Brock Lesnar's imminent return to the UFC could have a major impact on Kiwi heavyweight Mark Hunt, who is currently suing the UFC, Lesnar and UFC president Dana White.

Earlier this month, Daniel Cormier – fresh off winning the heavyweight title at UFC 226 – called out Lesnar as the next opponent he would like to face.

Lesnar, who was sitting cageside, entered the octagon and pushed Cormier in a blatant display of pageantry, creating invaluable hype for a fight that could have major financial implications for Lesnar, Cormier and the UFC. White confirmed his interest in booking the fight after the event.

The fight, which will likely be for the UFC heavyweight title, could also affect Hunt's lawsuit against the organisation – with his lawyers ready to pounce on Lesnar's return.


Hunt and his team have alleged that the UFC, White and Lesnar have committed fraud, battery, racketeering, and civil conspiracy, after Lesnar failed a drug test after a fight with Hunt at UFC 200 in 2016.

Brock Lesnar confronts Daniel Cormier after his UFC heavyweight championship fight at UFC 226. Photo / Getty
Brock Lesnar confronts Daniel Cormier after his UFC heavyweight championship fight at UFC 226. Photo / Getty

Hunt's attorney Christina Denning said she is considering amending the complaint in the lawsuit, believing that Lesnar's return to the UFC could strengthen their case.

"We debated whether or not to, while the motion to dismiss is pending, to alter the complaint again, to keep adding more facts regarding the way that the organization works and perhaps the unfairness of it," Denning told MMA Fighting.

"So, that's something that we have not done yet, but we definitely [might] with all the buzz around [Lesnar] coming back."

Lesnar defeated Hunt by unanimous decision in a heavyweight bout at UFC 200 in July 2016. However, the UFC announced a few weeks later that Lesnar had tested positive for a banned substance in a test 11 days before the fight as well as the in-competition test on the night of the fight.

The UFC and their anti-doping partner USADA claim that the results did not come back until after the fight took place. Hunt and his team disagree with the UFC's claim, among other things.

Lesnar was suspended for one year and fined $250,000 (10 per cent of his guaranteed purse in the fight against Hunt) by the Nevada Athletic Commission.

Mark Hunt during the his win over Derrick Lewis in June 2017. Photo / Photosport
Mark Hunt during the his win over Derrick Lewis in June 2017. Photo / Photosport

However, Hunt said last year that the penalty wasn't enough, which was one of the reasons why he was suing the UFC.

"I want the UFC to understand it's not OK to keep doing what they're doing," Hunt told

"They're allowing guys to do this. They had a chance to take all the money from this guy, because he's a cheater, and they didn't.

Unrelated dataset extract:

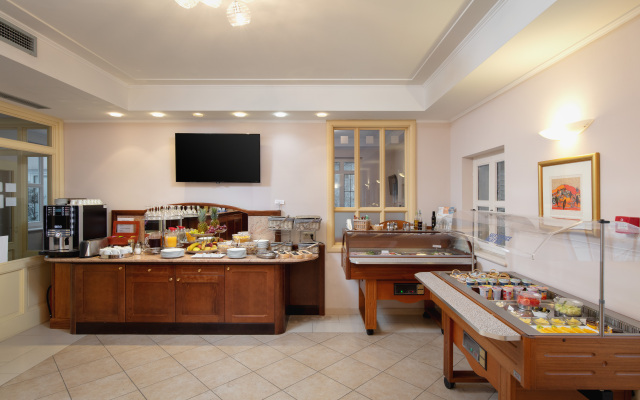 Hotel Croatia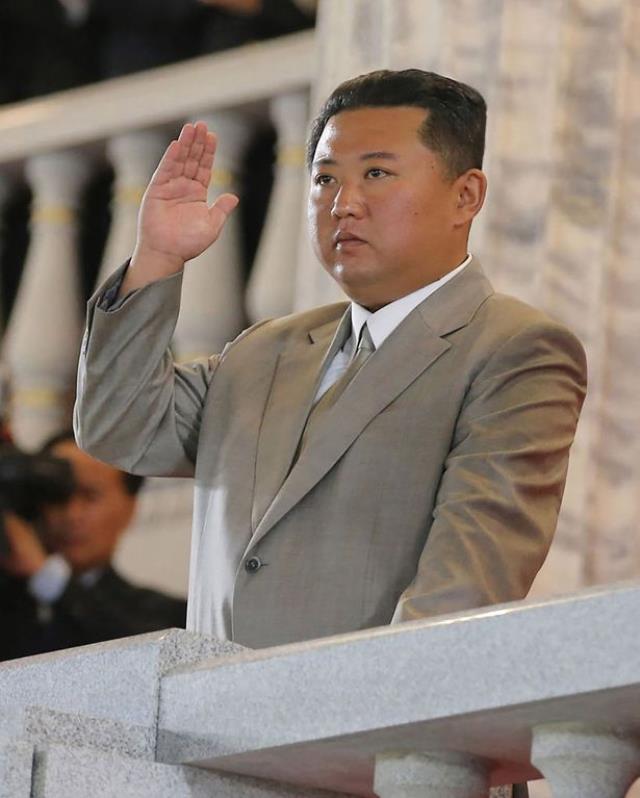 140 kilodan 120 kiloya düşen Kuzey Kore önderi Kim Jong-un'un yeni hali dikkat çekti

"What message is that sending to the boys and girls who want to be a fighter someday? The message is, 'You just have to cheat like this and it's OK.' In society, if you commit a crime, you pay. Why is it different in MMA? It's hurt the business, so it's even worse. They need to be held accountable for this."

Denning said Lesnar's return and position of favour with the UFC could bolster their case as it shows that it "actually pays to take the [banned] substances" if you're a UFC fighter.

Meanwhile, Hunt remains an active UFC fighter and his next fight may have been revealed on accident by retired UFC legend Vitor Belfort.

Belfort posted a picture posing with UFC president White in front of a white board showing Hunt's name written alongside Ukrainian heavyweight Aleksei Oleinik. The instagram post has since been deleted.

Fabricio Werdum was initially announced to face Oleinik as the headlining fight for the UFC Fight Night event in Russia in September, but Werdum has since been flagged for a potential doping violation, putting the matchup in doubt.

Hunt, who is currently the #8 ranked heavyweight in the UFC's official rankings, would make sense as a replacement for Werdum.